As for Bang Baa, Bahoy believes that it can be effective: ‘Yes, it works; even I have tried it. The only fair concern that the medical profession has about it is that the dosage isn’t set – it can cause harm to your immune system if you take too much.’

Across the country, the lost days from malaria take their toll on industry, family life and development. ‘Malaria continues to eat at the fabric of the youth in our society, under the eyes of those who are charged with the responsibility to prevent it,’ says David Hindolo, a 24-year-old student from Freetown.
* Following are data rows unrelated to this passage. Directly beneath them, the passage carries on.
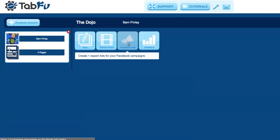First navigate to the Facebook Ads page. You can click on the button in the dojo, or if you're on another page, click in the sidebar.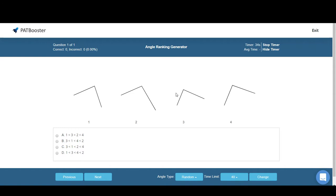Hey guys, it's shot. Just a quick video going over the cool features of PAT Booster's Angle Ranking Generator. Now generators, they're not really a new thing—they've been around for a while, and in terms of the angle ranking section itself...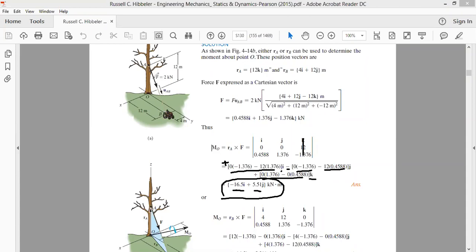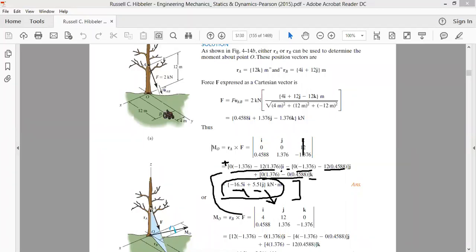Therefore, the moment created by this force about an axis passing through O is −16.5î + 5.51ĵ. That moment has two components: one along the x-axis and another along the j-axis. This is how we solve for the moment about point O — write the force, draw the radius vector, take the cross product, and you get the moment. Thank you.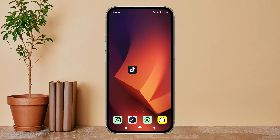Hello everyone, welcome back to another episode of Technology Glance. Today in this video, I'm going to guide you through how you can change display to dark mode on TikTok. So let's get started.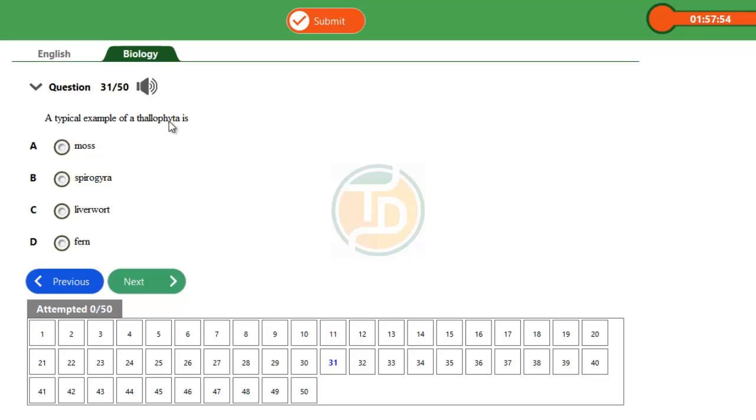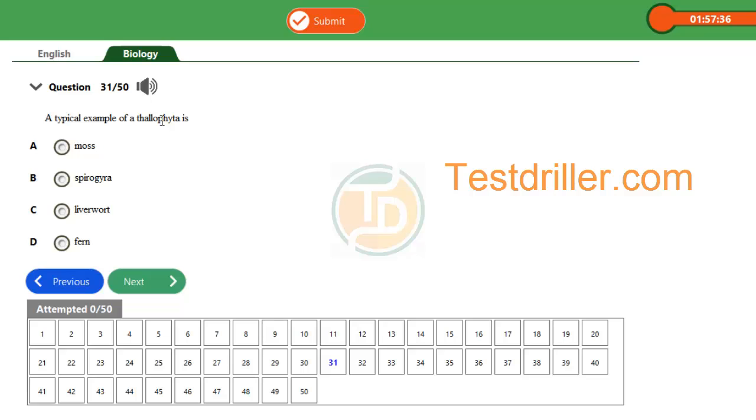So examples of talophyta are the fungi and the algae. Let's analyze the question as we also analyze the answers. Option A says moss. Moss is a bryophyte, is not a talophyta.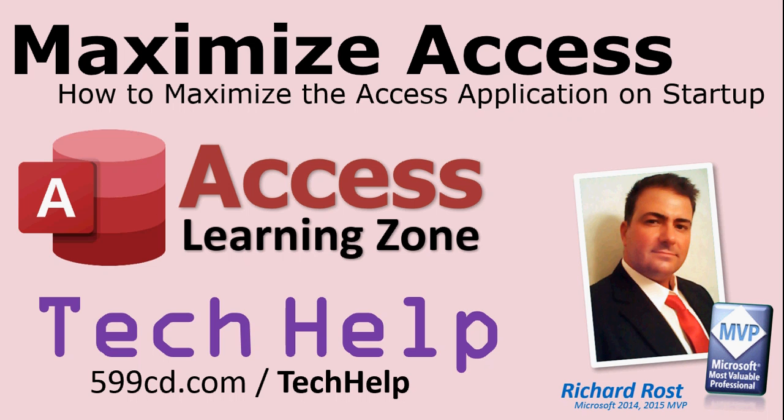Welcome to another tech help video brought to you by AccessLearningZone.com. I am your instructor Richard Rost. In today's video I'm going to show you how to maximize Access, how to maximize the Access application window on startup.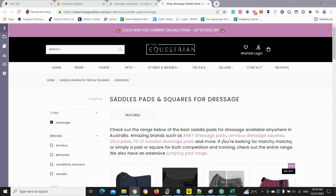Can you edit the SEO title of tag pages in Shopify? The short answer is yes. If you know how to work with liquid code, you can do it within your liquid code, although when you start working with lots of different tag pages, it can be quite cumbersome.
Many elders, often sceptical of new advances in medication, have found their fears confirmed by failing standards of medical scrutiny with regards to antimalarial drugs. My aunt says no to all ‘white man medicines’. All her life, she has taken only traditional medicines. I used to provoke her: ‘Your herbal medicine doesn’t even show an expiry date! You will kill yourself one day.’ Then one day I was sick and I had tried all the painkillers, with no relief. Finally, I went to my aunt and asked her to help me. Smiling, she turned and said, ‘Sorry! My medicine has expired!’ I took the teasing and I took the herb. I started to sweat, and within a few hours, I felt better again.

Bankolay Turay is a reporter for Radar.